*EXERCISE:*
Only one stretch of the listing below is wanted. Give it again exactly, from the line with "Kegel balls for" through the line with "2 camere, bloc".

*THE DATA:*
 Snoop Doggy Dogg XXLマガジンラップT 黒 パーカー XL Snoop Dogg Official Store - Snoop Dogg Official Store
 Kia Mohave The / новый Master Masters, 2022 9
--
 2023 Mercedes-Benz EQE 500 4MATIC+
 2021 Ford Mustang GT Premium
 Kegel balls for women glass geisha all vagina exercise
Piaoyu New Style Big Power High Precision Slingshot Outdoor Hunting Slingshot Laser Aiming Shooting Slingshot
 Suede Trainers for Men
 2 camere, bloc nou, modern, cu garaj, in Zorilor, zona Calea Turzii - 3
...
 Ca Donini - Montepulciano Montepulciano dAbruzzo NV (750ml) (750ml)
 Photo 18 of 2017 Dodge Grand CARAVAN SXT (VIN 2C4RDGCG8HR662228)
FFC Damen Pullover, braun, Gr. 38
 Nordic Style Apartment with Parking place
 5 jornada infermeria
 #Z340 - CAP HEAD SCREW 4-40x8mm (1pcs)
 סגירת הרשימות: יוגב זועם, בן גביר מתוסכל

*RESPONSE AREA:*
 Kegel balls for women glass geisha all vagina exercise
Piaoyu New Style Big Power High Precision Slingshot Outdoor Hunting Slingshot Laser Aiming Shooting Slingshot
 Suede Trainers for Men
 2 camere, bloc nou, modern, cu garaj, in Zorilor, zona Calea Turzii - 3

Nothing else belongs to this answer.